Nrpe checks work on remote and local, but web output wrong?


#1

Hello, I have a fresh install of Nagios 3.0. I have it setup and running on a dedicated nagios
server, lets call it nagios. I have several clients (Linux) which have nagios-plugins and nrpe installed.
I am checking processes, users, load, and disk on the remote clients. The problem I face is that
the checks work on the client, and work from the nagios server correctly, but in the actual
web interface, the numbers are wrong. For example, from the client:

level42 etc # /usr/local/nagios/libexec/check_disk -w 20% -c 10% -p /dev/sdb1
DISK OK - free space: /space 1633075 MB (45% inode=95%);| /space=1929794MB;3002831;3378185;0;3753539

This is correct. From the server, if I connect to that client:

nagios servers # /usr/local/nagios/libexec/check_nrpe -H level42 -c check_disk
DISK OK - free space: /space 1633071 MB (45% inode=95%);| /space=1929799MB;3002831;3378185;0;3753539

That is correct.
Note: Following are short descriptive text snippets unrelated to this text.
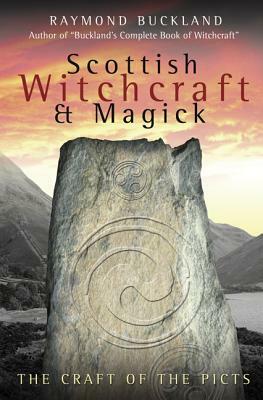 Scottish Witchcraft & Magick: The Craft of the Picts by Raymond Buckland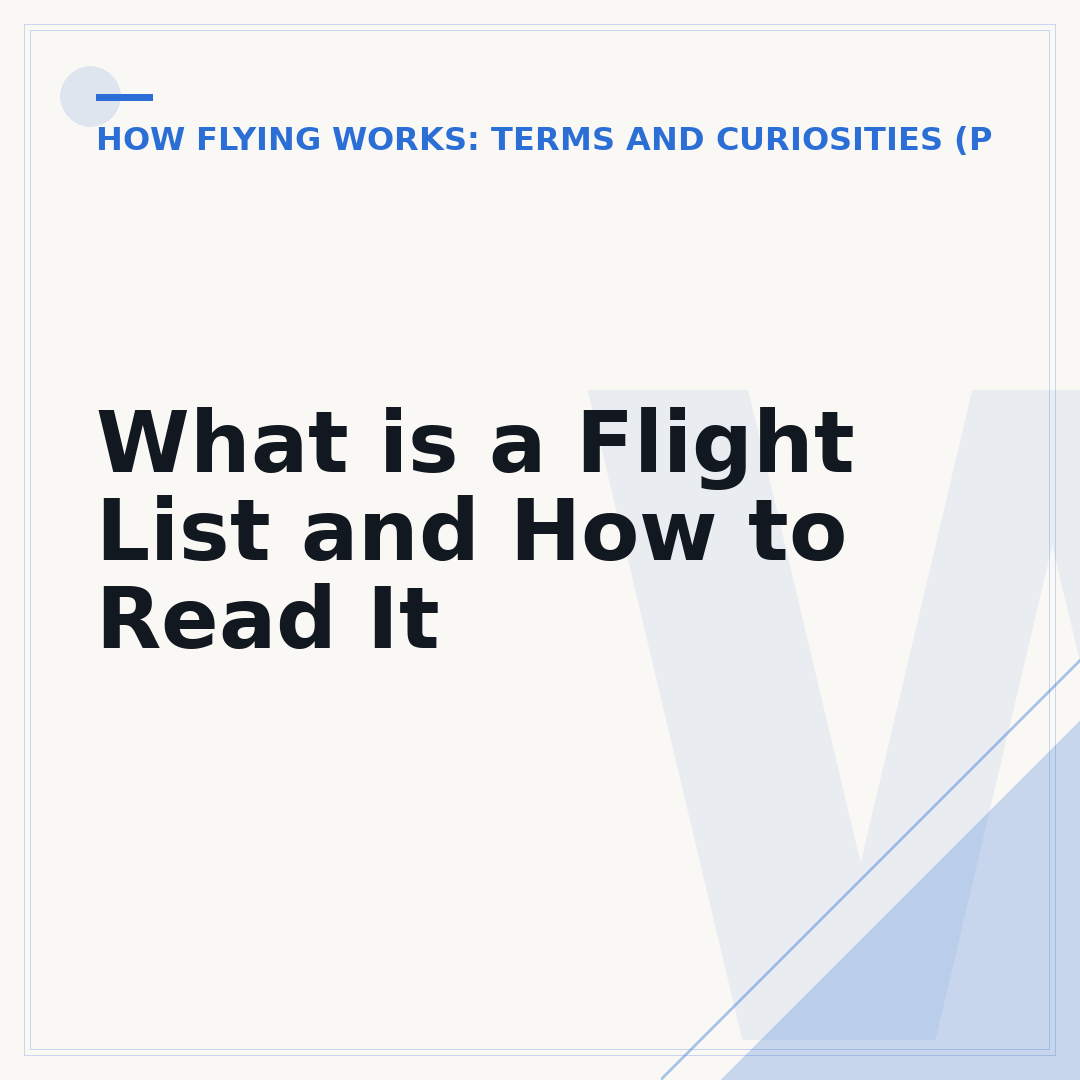 What is a Flight List and How to Read It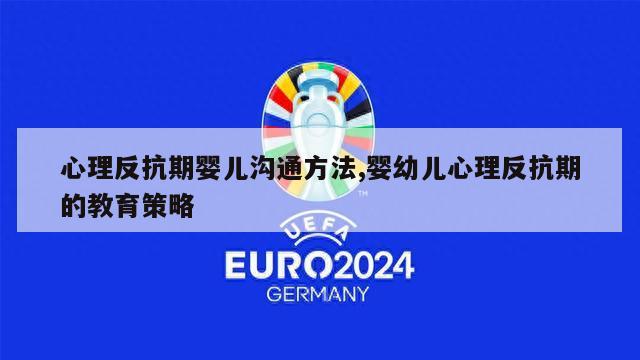 心理反抗期婴儿沟通方法,婴幼儿心理反抗期的教育策略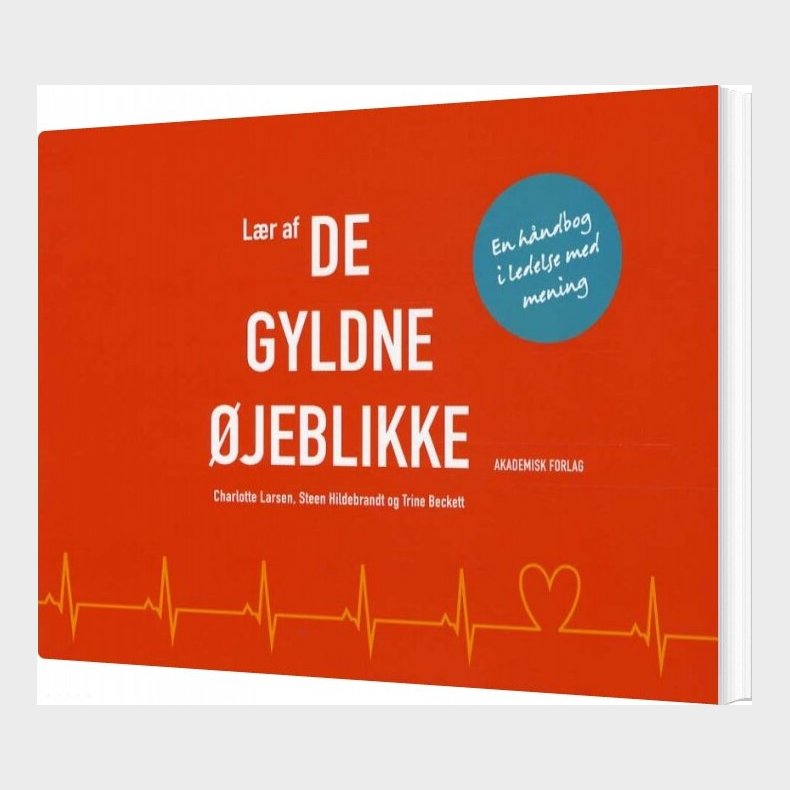 L�r Af De Gyldne �jeblikke - Charlotte Larsen - Bog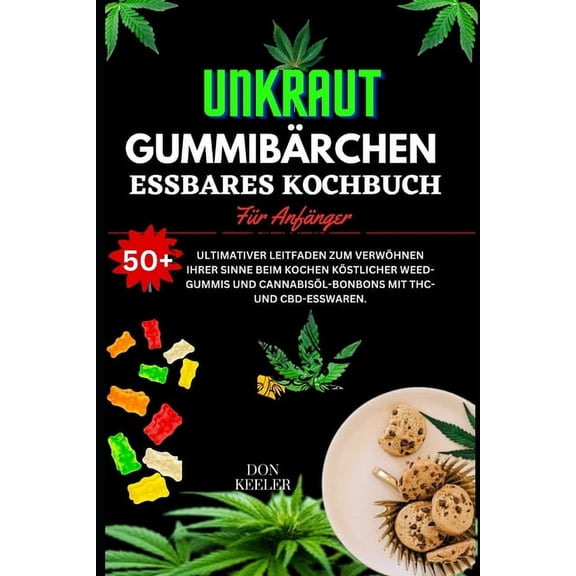 Weed Gummies Essbares Kochbuch: Über 50 gesunde, mit Weed, Marihuana und Cannabis angereicherte Bonbons mit THC- und CBD-Esswaren (Paperback)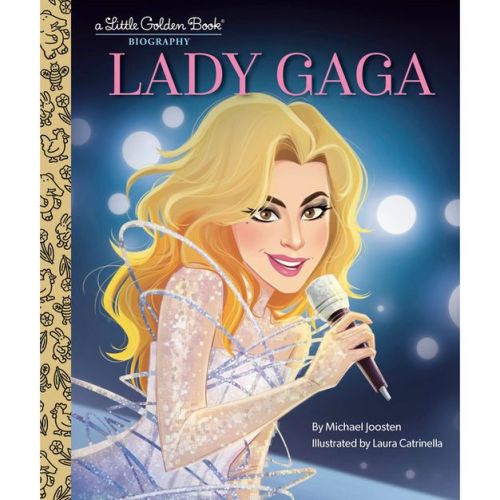 Lady Gaga: A Little Golden Book Biography - by Michael Joosten (Hardcover)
But what shows up in the web interface under level42 is:

Partition OK 03-24-2010 13:51:34 0d 0h 50m 56s 1/3 DISK OK - free space: / 29842 MB (82% inode=86%):

The disk does not have 29GB free, it has 1.6TB free. The same thing is happening for load, users, and processes.
For example, it works on the client, and the server, but when it comes out on the webpage load, users and processes
are all zero, all the time. I can go the client and login twice, and /usr/local/nagios/libexec/check_users -w 5 -c 10
work from the client and server, but again, on the webpage it is zero, even after updating.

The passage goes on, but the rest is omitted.